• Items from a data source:
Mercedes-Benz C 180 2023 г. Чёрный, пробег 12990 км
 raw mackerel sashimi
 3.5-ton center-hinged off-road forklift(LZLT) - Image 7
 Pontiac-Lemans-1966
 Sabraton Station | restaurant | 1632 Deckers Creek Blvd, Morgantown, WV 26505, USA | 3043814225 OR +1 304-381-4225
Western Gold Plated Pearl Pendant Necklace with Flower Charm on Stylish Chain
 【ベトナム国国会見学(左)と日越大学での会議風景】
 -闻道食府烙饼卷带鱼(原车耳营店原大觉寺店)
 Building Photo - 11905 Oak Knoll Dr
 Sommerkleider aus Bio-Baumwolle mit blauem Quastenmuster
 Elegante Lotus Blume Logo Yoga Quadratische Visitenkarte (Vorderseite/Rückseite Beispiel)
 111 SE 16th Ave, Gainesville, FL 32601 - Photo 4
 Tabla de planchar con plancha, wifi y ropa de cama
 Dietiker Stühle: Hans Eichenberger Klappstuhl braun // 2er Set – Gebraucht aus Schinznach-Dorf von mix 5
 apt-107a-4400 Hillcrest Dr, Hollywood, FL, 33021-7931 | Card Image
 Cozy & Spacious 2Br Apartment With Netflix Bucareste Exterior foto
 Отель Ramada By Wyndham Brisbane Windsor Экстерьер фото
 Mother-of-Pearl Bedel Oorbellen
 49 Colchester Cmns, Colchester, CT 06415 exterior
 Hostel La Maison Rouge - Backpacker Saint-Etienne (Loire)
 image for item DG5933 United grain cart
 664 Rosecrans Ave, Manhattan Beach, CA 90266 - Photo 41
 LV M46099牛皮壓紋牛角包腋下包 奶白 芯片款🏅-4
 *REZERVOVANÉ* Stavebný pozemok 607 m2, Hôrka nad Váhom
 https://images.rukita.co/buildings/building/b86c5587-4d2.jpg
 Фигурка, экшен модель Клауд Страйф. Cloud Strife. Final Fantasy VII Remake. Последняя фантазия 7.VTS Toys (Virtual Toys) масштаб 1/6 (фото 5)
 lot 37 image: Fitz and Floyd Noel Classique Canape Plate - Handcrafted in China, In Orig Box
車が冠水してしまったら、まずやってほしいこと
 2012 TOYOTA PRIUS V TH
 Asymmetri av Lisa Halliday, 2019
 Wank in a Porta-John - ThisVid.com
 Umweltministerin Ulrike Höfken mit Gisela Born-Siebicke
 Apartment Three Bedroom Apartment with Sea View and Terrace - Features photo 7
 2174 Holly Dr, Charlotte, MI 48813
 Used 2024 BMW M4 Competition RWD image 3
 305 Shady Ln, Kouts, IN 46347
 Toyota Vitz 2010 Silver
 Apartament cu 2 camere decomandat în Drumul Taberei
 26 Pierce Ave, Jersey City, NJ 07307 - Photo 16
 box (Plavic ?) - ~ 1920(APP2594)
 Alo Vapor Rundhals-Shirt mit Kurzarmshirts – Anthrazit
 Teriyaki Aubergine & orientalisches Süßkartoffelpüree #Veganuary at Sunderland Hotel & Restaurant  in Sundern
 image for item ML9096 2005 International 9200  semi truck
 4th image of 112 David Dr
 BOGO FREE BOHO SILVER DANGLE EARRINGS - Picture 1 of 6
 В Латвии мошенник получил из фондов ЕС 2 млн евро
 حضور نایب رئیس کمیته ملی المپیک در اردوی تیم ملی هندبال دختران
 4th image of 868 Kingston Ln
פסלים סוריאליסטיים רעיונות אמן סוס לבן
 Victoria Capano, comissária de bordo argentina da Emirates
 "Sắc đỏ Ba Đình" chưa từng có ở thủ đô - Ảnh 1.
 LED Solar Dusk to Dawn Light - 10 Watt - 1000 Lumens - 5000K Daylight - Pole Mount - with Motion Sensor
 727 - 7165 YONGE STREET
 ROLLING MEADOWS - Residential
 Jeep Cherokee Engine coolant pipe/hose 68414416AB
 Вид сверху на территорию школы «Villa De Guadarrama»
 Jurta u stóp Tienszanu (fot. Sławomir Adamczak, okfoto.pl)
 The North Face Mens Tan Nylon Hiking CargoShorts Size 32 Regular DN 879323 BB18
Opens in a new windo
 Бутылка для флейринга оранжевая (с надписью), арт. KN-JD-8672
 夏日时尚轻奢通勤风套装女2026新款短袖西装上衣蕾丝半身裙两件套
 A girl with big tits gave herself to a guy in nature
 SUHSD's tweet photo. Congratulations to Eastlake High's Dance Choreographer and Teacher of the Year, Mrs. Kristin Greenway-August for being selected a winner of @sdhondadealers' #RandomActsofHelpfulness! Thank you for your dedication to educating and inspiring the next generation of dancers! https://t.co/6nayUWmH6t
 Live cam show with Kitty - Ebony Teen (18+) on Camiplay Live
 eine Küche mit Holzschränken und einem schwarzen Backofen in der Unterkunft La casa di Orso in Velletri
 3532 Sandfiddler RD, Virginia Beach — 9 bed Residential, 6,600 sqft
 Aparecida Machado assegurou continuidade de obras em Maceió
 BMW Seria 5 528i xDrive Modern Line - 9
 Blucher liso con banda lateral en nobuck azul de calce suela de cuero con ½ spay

• PROBLEM DETAILS:
Copy only this part of the entries above: the line with "664 Rosecrans Ave, Manhattan", the line with "Apartment Three Bedroom", and the lines between, all exactly as written.

• EXERCISE RESPONSE:
 664 Rosecrans Ave, Manhattan Beach, CA 90266 - Photo 41
 LV M46099牛皮壓紋牛角包腋下包 奶白 芯片款🏅-4
 *REZERVOVANÉ* Stavebný pozemok 607 m2, Hôrka nad Váhom
 https://images.rukita.co/buildings/building/b86c5587-4d2.jpg
 Фигурка, экшен модель Клауд Страйф. Cloud Strife. Final Fantasy VII Remake. Последняя фантазия 7.VTS Toys (Virtual Toys) масштаб 1/6 (фото 5)
 lot 37 image: Fitz and Floyd Noel Classique Canape Plate - Handcrafted in China, In Orig Box
車が冠水してしまったら、まずやってほしいこと
 2012 TOYOTA PRIUS V TH
 Asymmetri av Lisa Halliday, 2019
 Wank in a Porta-John - ThisVid.com
 Umweltministerin Ulrike Höfken mit Gisela Born-Siebicke
 Apartment Three Bedroom Apartment with Sea View and Terrace - Features photo 7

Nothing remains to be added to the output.